» **Assignment**
A word-for-word restatement of all the records is the required answer.

(Source data)
◆ ◆ ◆ ◆ ◆ ◆ ◆
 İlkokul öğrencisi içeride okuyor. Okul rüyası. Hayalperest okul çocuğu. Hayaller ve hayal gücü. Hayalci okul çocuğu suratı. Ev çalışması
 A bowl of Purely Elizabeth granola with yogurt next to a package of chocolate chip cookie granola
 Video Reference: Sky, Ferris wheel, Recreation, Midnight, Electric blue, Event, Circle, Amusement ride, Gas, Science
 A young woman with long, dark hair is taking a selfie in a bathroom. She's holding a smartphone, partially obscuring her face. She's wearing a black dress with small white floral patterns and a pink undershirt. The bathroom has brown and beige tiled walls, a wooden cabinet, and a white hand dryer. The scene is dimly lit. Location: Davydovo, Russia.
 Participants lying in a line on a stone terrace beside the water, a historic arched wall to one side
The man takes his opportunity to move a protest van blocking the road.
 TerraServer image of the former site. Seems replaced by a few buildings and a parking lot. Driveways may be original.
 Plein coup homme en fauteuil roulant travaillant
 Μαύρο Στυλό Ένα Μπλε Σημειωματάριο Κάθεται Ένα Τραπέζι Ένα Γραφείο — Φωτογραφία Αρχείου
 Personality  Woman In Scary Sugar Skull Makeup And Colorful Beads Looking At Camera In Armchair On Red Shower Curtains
◆ ◆ ◆ ◆ ◆ ◆ ◆
» **Response**
 İlkokul öğrencisi içeride okuyor. Okul rüyası. Hayalperest okul çocuğu. Hayaller ve hayal gücü. Hayalci okul çocuğu suratı. Ev çalışması
 A bowl of Purely Elizabeth granola with yogurt next to a package of chocolate chip cookie granola
 Video Reference: Sky, Ferris wheel, Recreation, Midnight, Electric blue, Event, Circle, Amusement ride, Gas, Science
 A young woman with long, dark hair is taking a selfie in a bathroom. She's holding a smartphone, partially obscuring her face. She's wearing a black dress with small white floral patterns and a pink undershirt. The bathroom has brown and beige tiled walls, a wooden cabinet, and a white hand dryer. The scene is dimly lit. Location: Davydovo, Russia.
 Participants lying in a line on a stone terrace beside the water, a historic arched wall to one side
The man takes his opportunity to move a protest van blocking the road.
 TerraServer image of the former site. Seems replaced by a few buildings and a parking lot. Driveways may be original.
 Plein coup homme en fauteuil roulant travaillant
 Μαύρο Στυλό Ένα Μπλε Σημειωματάριο Κάθεται Ένα Τραπέζι Ένα Γραφείο — Φωτογραφία Αρχείου
 Personality  Woman In Scary Sugar Skull Makeup And Colorful Beads Looking At Camera In Armchair On Red Shower Curtains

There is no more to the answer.